Regulations over Administrations Regarding Foreign Invested Urban Planning Service Enterprises
The Regulation on Administrations Regarding Foreign Invested Urban Planning Service Enterprises has jointly issued by the Ministry of Construction and the MOFTEC and will become effective on 1 May 2003. The regulation has placed some provisions relating to the following: design of urban planning with respect to foreign investment, the establishing procedure and condition with regard to consulting activity etc. under this regulation, foreign investor may take the form of solely foreign invested, joint venture and cooperative to participate in services regarding urban planning, provided that a Qualification Certificate for Foreign Invested Enterprise Engaging Urban Planning should be issued by the governing authorities. In this regulation, the proportion of foreign technology personnel, the stay and serving time have been provided. For example, such time should not be less than 6 months in terms of aggregated amount of stay time.
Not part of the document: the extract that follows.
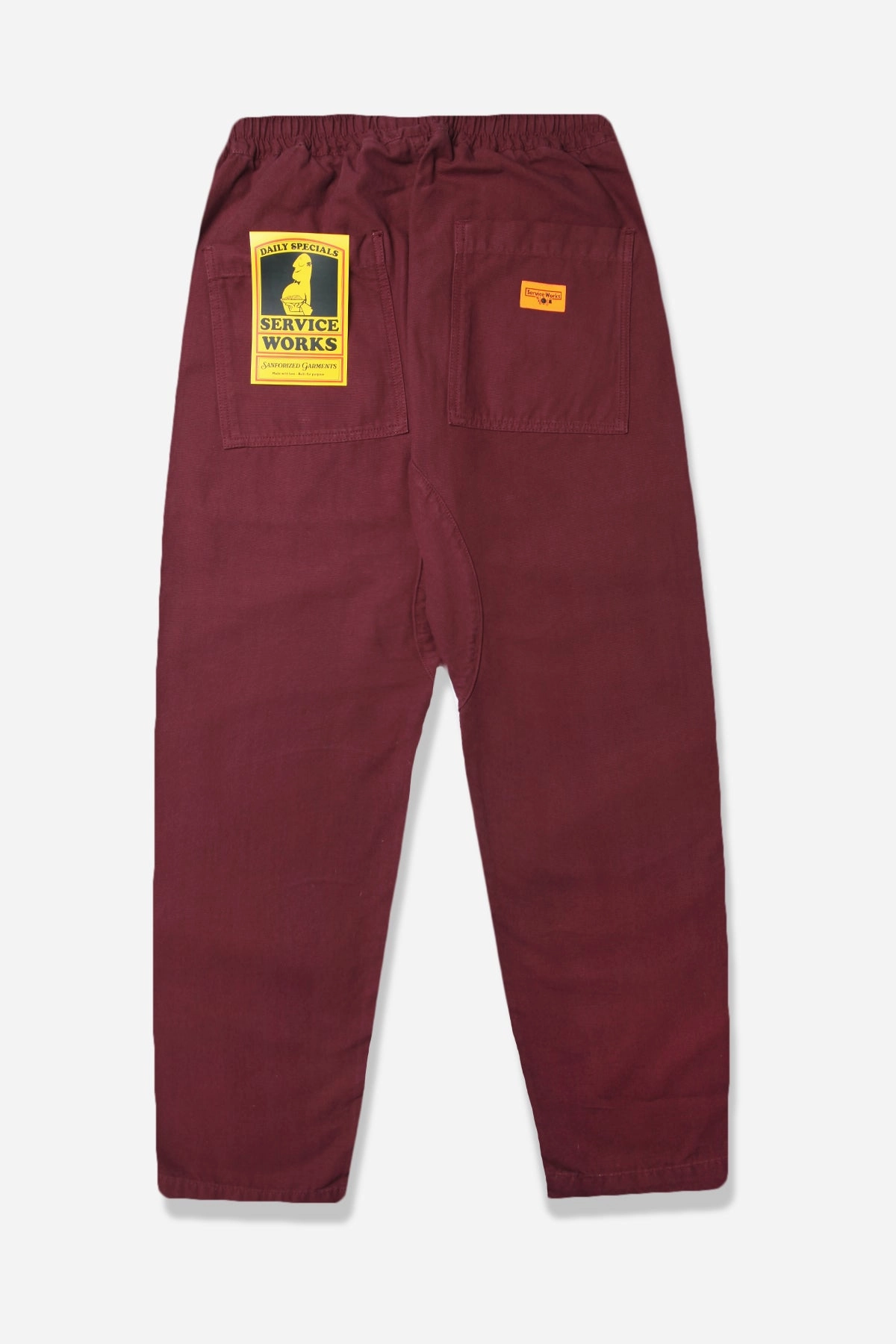 Service Works - Classic Chef Pants - Burgundy Athletic Comfort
Provisionary Rules on Establishment of Sino-Foreign Enterprises in Foreign Trade Regard
The MOFTEC, on 31 Jan. 2003 issues a Provisionary rules on establishment of sino-foreign enterprises in foreign trade regard, which has been in force since the date which is 30 days from the issuance. This rule has laid the regulations on the condition, set-up procedure and necessary material relating to the investors, whether foreign or domestic. Bear in mind that, the standard laid to the investors should be considerably high, such requirements are the following: 1) foreign investor should, during the previous three year period before the application have a trading volume worth more than US 30 million with China (or more than US20 million in case such enterprise would be set up in mid or western areas in China); 2) the Chinese investor is entitled to foreign trade, and should, during the previous three year period before the application, have a import and export trading volume worth more than US 30 million (or more than US 20 million in case that the enterprise would be set up in mid or western areas in China); and 3) the registered capital should not be less than RMB 30 million. In addition, before 11 Dec. 2003, if the proportion of the registered capital of Chinese investor is not more that 51 percent, such application shall, temporarily, not be accepted.